Best open-source practices go well beyond coding though. For one thing, it’s clear that before you can practice open-source best practices, you need to be practicing software inventory management. For example, here’s a slightly adapted list from Computer Associates’ best software inventory management practice list:
1) Conduct an annual, company wide software inventory/audit using an asset management tool so you know what you’ve got — How many licenses? Are you still using this program? Are there programs without proper licenses or support? Are there programs you should dump because they’ve been replaced?
2) Create company wide software standards, including a list of supported/acceptable software, and a policy stating that all software on your systems is company owned and that illegal or potentially dangerous software is forbidden. Lots of luck with getting everyone on board with that one! Still, it’s a policy worth attempting no matter how much people like playing World of Warcraft on company computers.
3) Centralize software procurement processes and obtain programs only from approved software vendors. If possible, establish a software controller function with responsibility for your firm’s software inventory and license agreements.

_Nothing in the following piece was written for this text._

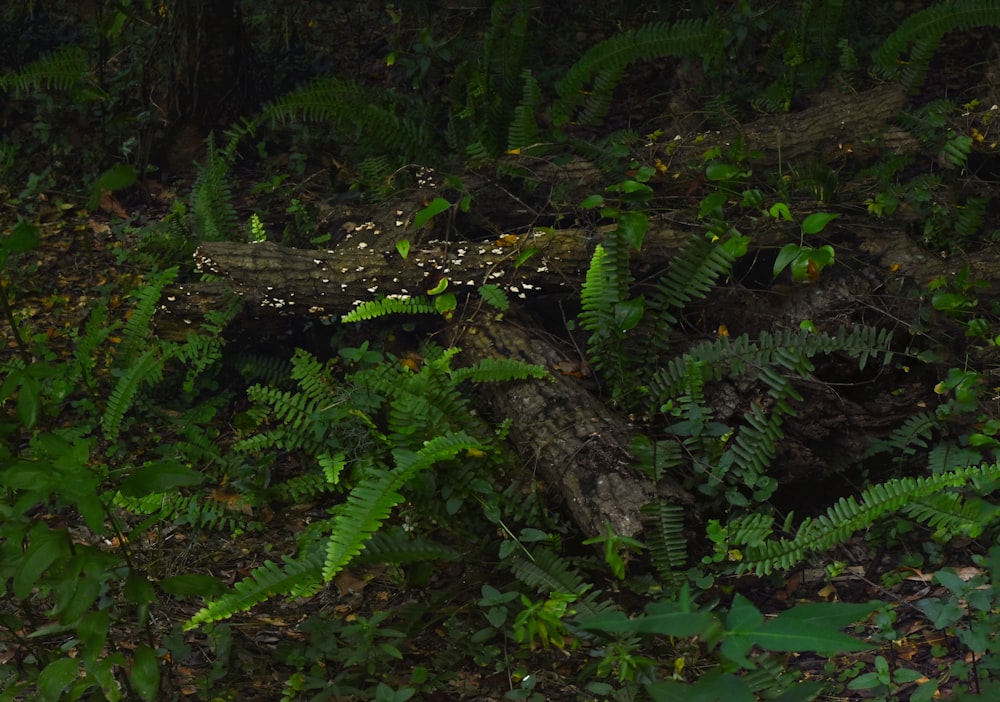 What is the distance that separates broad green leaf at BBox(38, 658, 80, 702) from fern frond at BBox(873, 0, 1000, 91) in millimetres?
4951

4) Monitor your software assets and uninstall anything that’s outside of company standards.
All basic stuff right? Of course, right. But, like keeping current backups and making sure system patches up to date, these basics are ignored far too often.

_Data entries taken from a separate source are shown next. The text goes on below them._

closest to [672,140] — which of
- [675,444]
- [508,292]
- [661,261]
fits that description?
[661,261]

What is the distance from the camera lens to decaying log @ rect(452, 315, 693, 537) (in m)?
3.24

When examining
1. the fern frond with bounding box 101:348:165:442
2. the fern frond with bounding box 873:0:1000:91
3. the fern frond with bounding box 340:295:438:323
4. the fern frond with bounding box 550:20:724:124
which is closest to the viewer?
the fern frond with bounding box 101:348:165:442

Notice something? None of this is open-source specific. That’s an important point. Open source software management best practices are, in many ways, the same as any corporate software best use practices.
If you keep that firmly in mind, and act accordingly, your company can be just as safe using open-source software as it would be only using software bearing Microsoft’s, or some other proprietary company’s, stamp of approval. Come to think of it, considering how Microsoft breaks the law on a regular basis: Vista capable PCs, Microsoft vs. the European Union, etc., etc. maybe you’re better off with open-source software anyway.